On a cold January day in 1977 dangerous convict Billy Hughes escaped from the police escort transferring him from Leicester prison to court in Chesterfield. Somehow the vicious thug had smuggled out a knife from the prison kitchen. Stabbing the two officers who sat either side of him in the taxi, Hughes made his bid for freedom. For an innocent family living in rural Derbyshire, it would signal the start of an unimaginable three-day nightmare.
Along with her elderly parents, Gill Moran lived with her husband Richard and 10-year-old daughter Sarah at Pottery Cottage on the edge of Derbyshire’s Chatsworth estate. Pottery cottage was an 18th century building converted into three dwellings. At one end lived the Morans, at the other end a teaching couple. The middle cottage was, at the time, unoccupied.
The 12th of January was a normal if exceptionally cold day. Richard had gone to work earlier and Gill had dropped off the couple’s daughter at school before herself going to work. As she waved Sarah off, she could never have guessed what lay in store for herself and her family.
‘The Peak District Killings that shocked Britain,’ so declares the front cover of Alan Hurndall’s book. True enough what unfolds is a story that the reader may need to remind his or herself actually happened. This is not fiction. Provided the rather odd typesetting does not offend (double spacing between paragraphs, left justified) to deploy an old cliché, Hurndall’s book is an archetypal page-turner. It’s almost as if you can’t quite believe what you are reading. Surely, this is fiction?

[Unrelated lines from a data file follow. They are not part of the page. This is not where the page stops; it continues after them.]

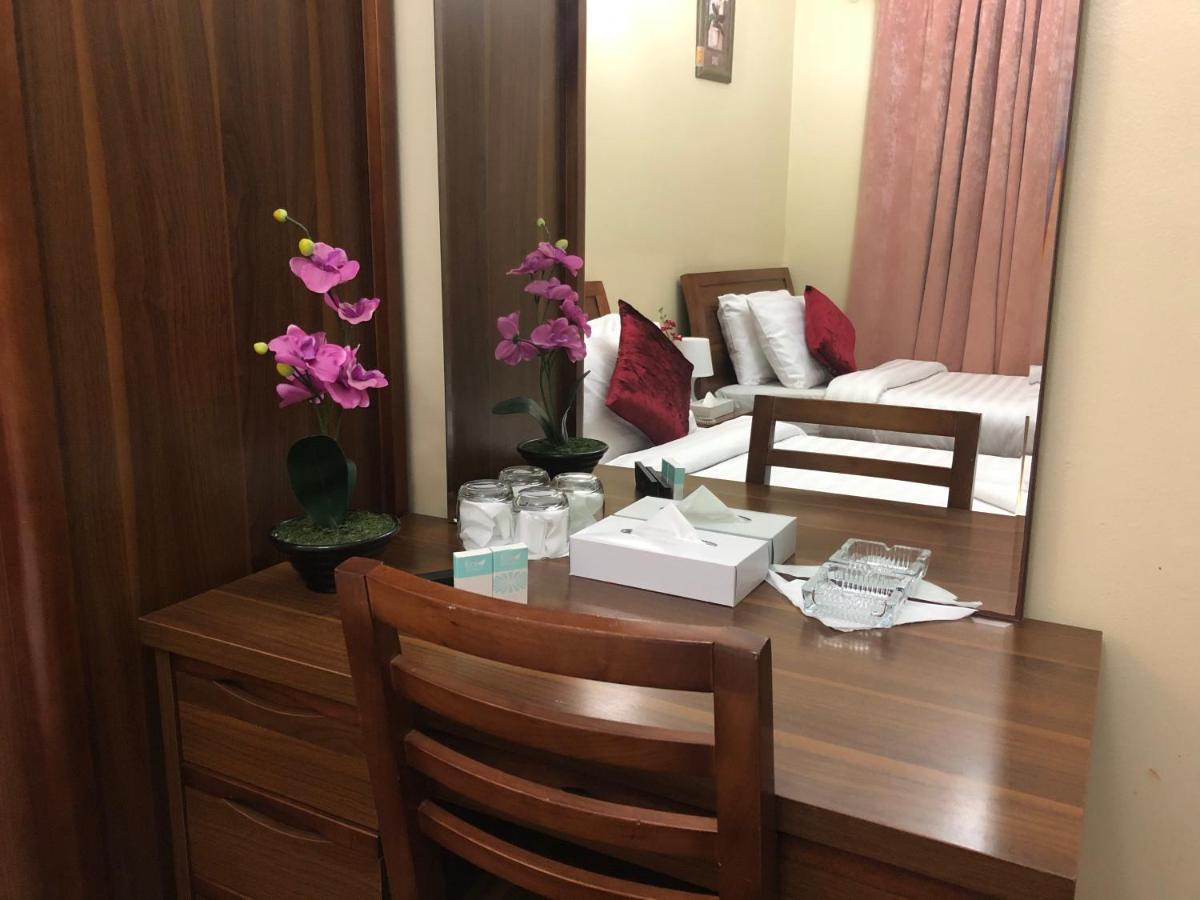 Al Karnak Hotel Dubai Bagian luar foto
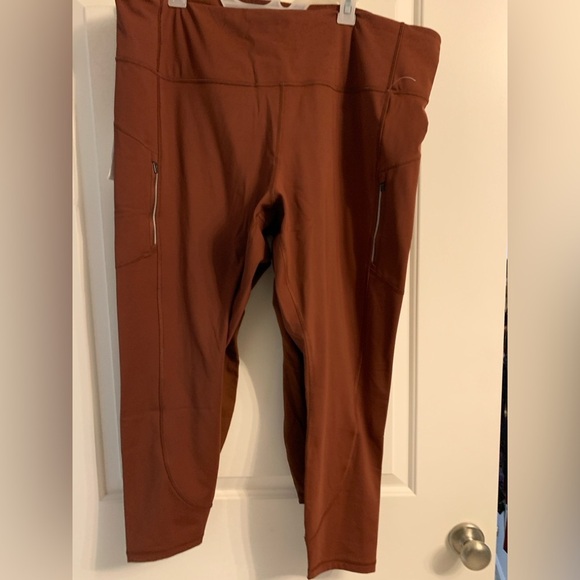Athleta Women’s Leggings 3X, NWT in Burnt Orange color/brick - Picture 1 of 3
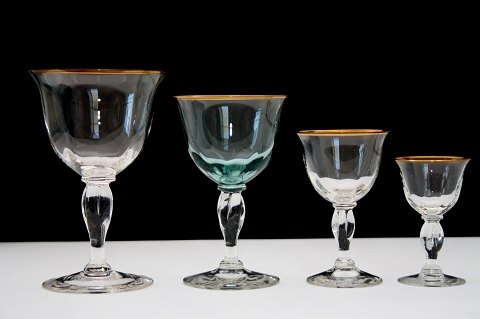 Violglas med guldkant,
Holmegaard glasværk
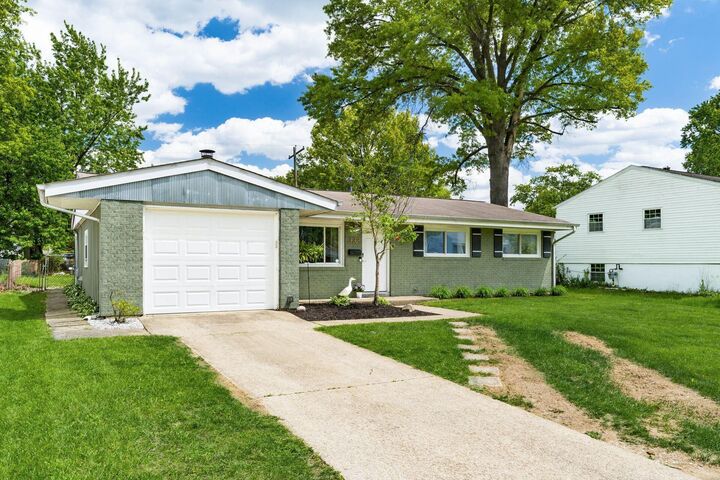 Property Photo:  332 Baroness Way  OH 43230 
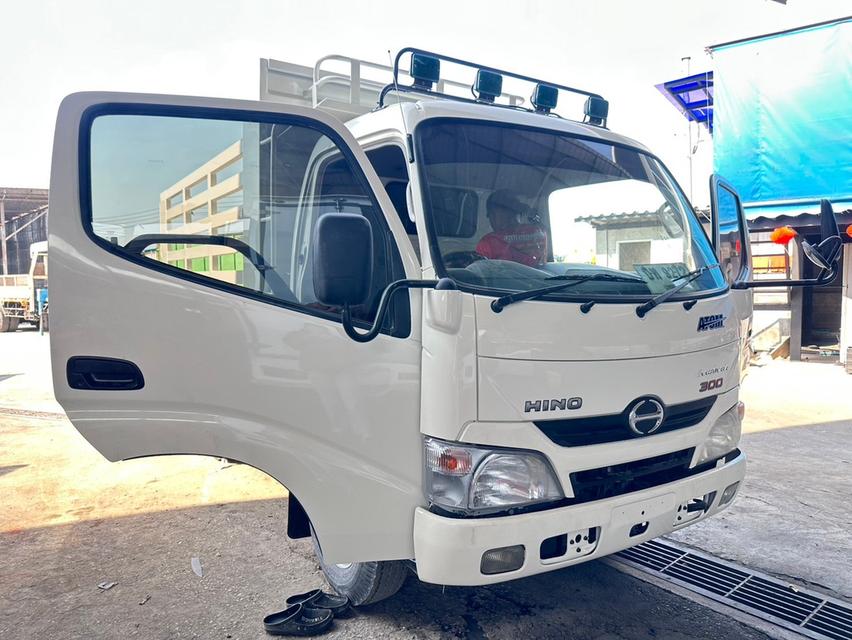 4 ล้อ HINO XZU 136  ปี 58  2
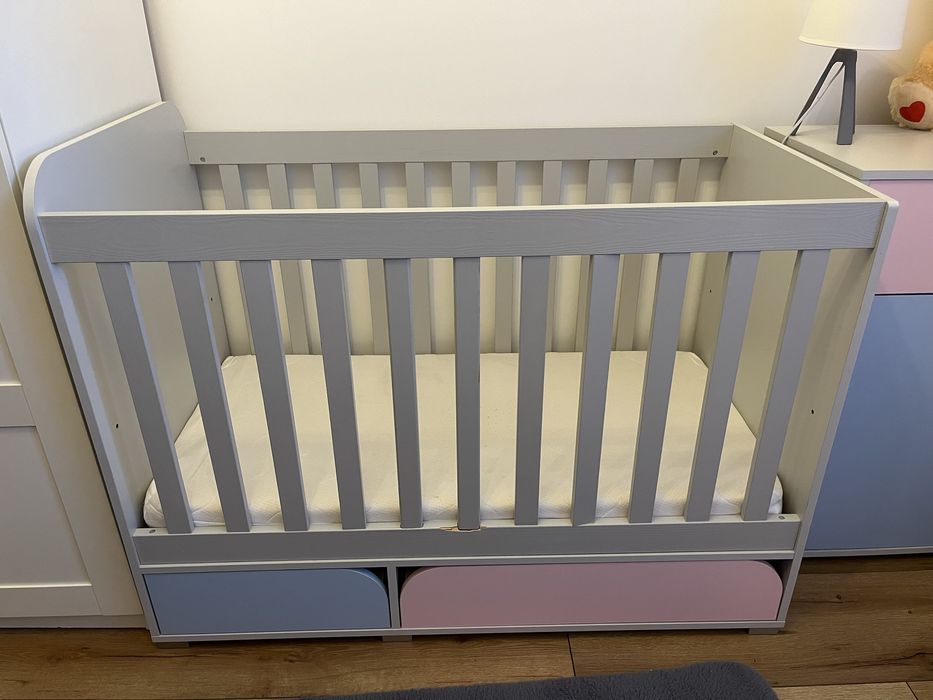 Łóżeczko dziecięce plus komoda plus przewijak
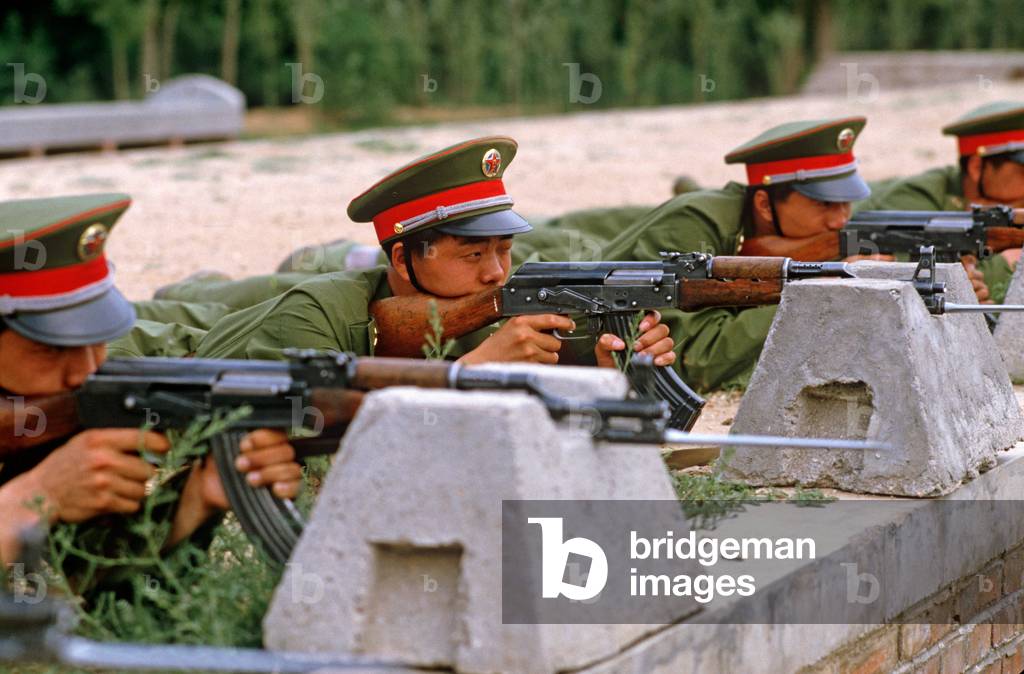 Peoples Liberation Army officers in weapons training at Shijiazhuang Military Academy, Hubei province, China, 1985 (photo)
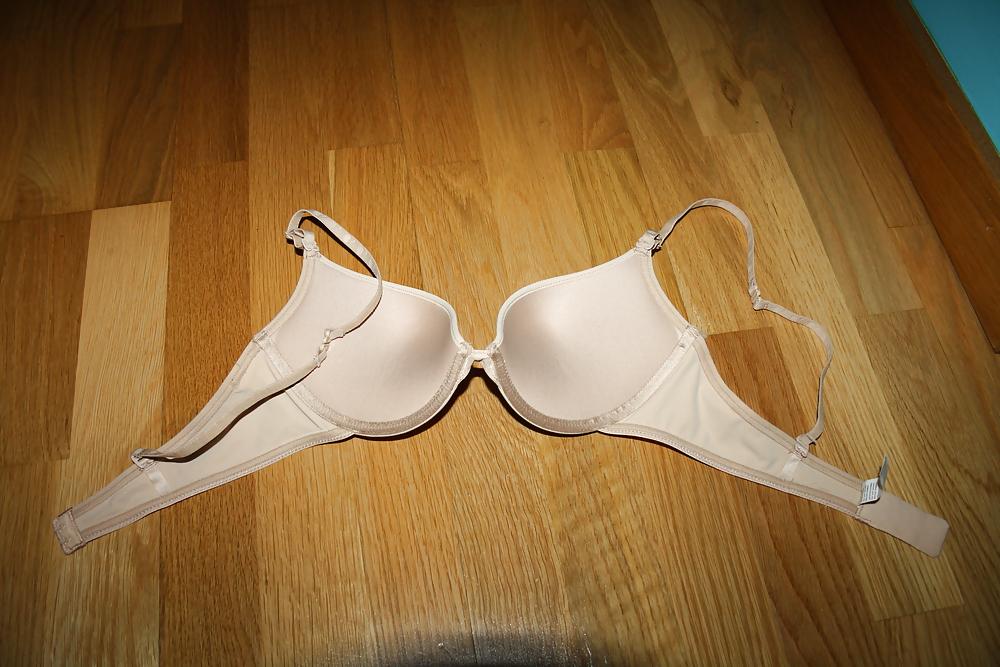 13P New 34B Bra from my Mom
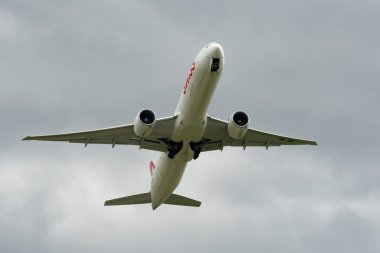 Zürih, İsviçre, 10 Mayıs 2023 HB-JNE İsviçreli uluslararası havayolları Boeing 777-3DEER uçağı 32 nolu pistten havalandı.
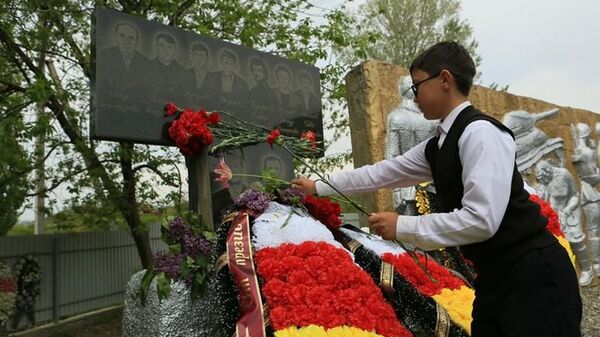 Анатолий Бибилов почтил память жертв Цинагарской трагедии - Sputnik Южная Осетия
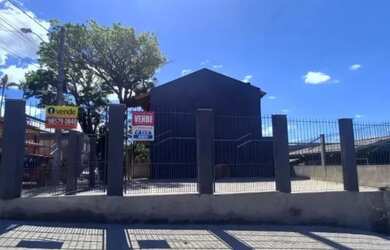 Imagem: A casa possui 2 Dormitórios, 1 Banheiro, 1 Vaga na garagem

Having requisitioned the taxi, Hughes dumped the injured police guards in the snow. The terrified driver has no choice but to follow Hughes’ orders. Skidding off the road near the inhospitable Beeley Moors, the fugitive made a fateful decision: rather than heading to ‘safety’ he decided to trek across the treacherous moors in freezing temperatures. A man on a mission, he’d vowed to kill an ex-girlfriend whom he believed had betrayed him.
Exhausted and freezing cold, Hughes arrived at Pottery cottage. And so, the endgame had begun. Hughes was a violent man, and now he was a desperate one. He had decided he was never going back to prison. Extricating himself from the situation he himself had created would of course be impossible. However, like many of his ilk, thinking was not Hughes’ strongpoint. Here then was an animal acting purely on instinct, so Heaven help anyone who had the misfortune to cross his path.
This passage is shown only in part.